Cartina alla mano, sacco in spalla e via verso il Centro America: da qui parte il nostro giro del mondo, andando in Guatemala alla scoperta di un presidio particolarissimo, identitario di una terra lontana, calda e ricca di storia, il caffè delle Terre Alte di Huehuetenango.
Introdotto dai padri Gesuiti nel 1773, la coltivazione del caffè del Guatemala prosegue florida all’ombra di ebani e mogani nel corso dei secoli, sviluppando una coltivazione ad alta quota di piantagioni di Coffea Arabica di eccellente qualità, apprezzata ancora oggi in tutto il mondo.

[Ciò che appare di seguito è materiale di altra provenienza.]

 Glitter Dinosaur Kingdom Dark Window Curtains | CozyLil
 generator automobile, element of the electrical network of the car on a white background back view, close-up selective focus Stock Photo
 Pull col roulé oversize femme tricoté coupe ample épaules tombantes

“Alla caficoltura in particolare – spiega Paolo, antropologo e fiduciario della Condotta Romana di Slow Food – è legata l’imprenditoria del Guatemala, attirando da sempre l’interesse di giovani investitori, nonché la curiosità dei numerosi turisti che desiderano conoscere da vicino le coltivazioni di caffè“. D’altronde quello del Guatemala è considerato oggi tra i migliori caffè in commercio poiché le piantagioni, “aggrappate” ad oltre 1.500 mt di altitudine lungo le pendici della catena montuosa dei Cuchumatanes, trovano le condizioni ideali per generare un caffè estremamente pregiato. Il fermento economico legato al caffè ha reso possibile l’apertura di 20 nuove caffetterie a Città del Guatemala in soli cinque anni e ha stimolato grandi opportunità anche a livello internazionale, costituendo la molla fondamentale per l’avvio del progetto legato al presidio Slow Food, riuscendo ad entrare nei mercati ad un prezzo giusto che ne valorizza l’alta qualità. Tema purtroppo non scontato quello del riconoscimento qualitativo del prodotto che, pur di soddisfare una domanda in costante crescita, sconta da tempo un calo strepitoso a favore dell’alta produttività.

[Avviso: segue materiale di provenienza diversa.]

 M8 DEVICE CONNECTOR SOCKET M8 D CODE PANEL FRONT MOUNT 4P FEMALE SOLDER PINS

E in effetti, quanti consumatori sanno come è fatta una pianta di caffè o da dove viene ciò che stanno bevendo? La scarsa divulgazione delle potenzialità e della storia del prodotto, fomenta un’asimmetria informativa preoccupante tra coltivatori e consumatori, i quali ignorano le reali proprietà del caffè, non ne conoscono le singole qualità, né le diverse origini del blend che acquistano presso torrefazioni e supermercati. “Un simile ragionamento – osserva Marco Ferrero (referente in Italia del Presidio e Presidente della Cooperativa Sociale Pausa Cafè di Torino) – non potrebbe mai essere applicato alla filiera del vino o dell’olio, di cui, invece, il consumatore pretende giustamente di conoscere caratteristiche e provenienza“. Su questa asimmetria informativa si genera l’enorme profitto dell’industria del caffè nel mondo, concentrato nelle – solite – mani di pochi; ricordiamo che il caffè è la seconda materia prima commercializzata dopo il petrolio, e questa non equa distribuzione dei redditi generati va tutta a danno degli oltre 60 mln di piccoli produttori che vivono in zone montuose e che grazie alla loro attività rappresentano importanti sentinelle dello sviluppo economico legato alla caficoltura artigianale. Il caffè delle Terre Alte di Huehuetenango, infatti, è tra le poche varietà in commercio che prevede la raccolta a mano ad ogni sua fase: dalla selezione delle ciliegie, all’estrazione dei chicchi dalle bacche, fino all’essiccatura al sole per tre giorni. Ignorare questi aspetti, significa trascurare la storia di un popolo, dimenticare l’eredità di un’agricoltura secolare, non salvaguardare la biodiversità naturale che sostiene tutto questo.
Grazie all’azione di Slow Food e di tanti coraggiosi protagonisti che non hanno voluto arrendersi di fronte a dinamiche di mercato spesso distorte e incuranti dei più deboli, hanno visto la luce progetti come il Presidio del caffè di Huehuetenango, Cafè y cafè, Anacafè e molti altri, dando vita ad un sistema del caffè solido, giusto e sostenibile.
E allora con “dimmi che caffè bevi e scoprirai chi sei” voglio lanciare una provocazione nella speranza di stimolare anche il lettore meno attento ad interrogarsi su cosa compra ed informarsi quando mangia, con la stessa passione con cui, ogni giorno, assapora la sua immancabile tazzina di caffè.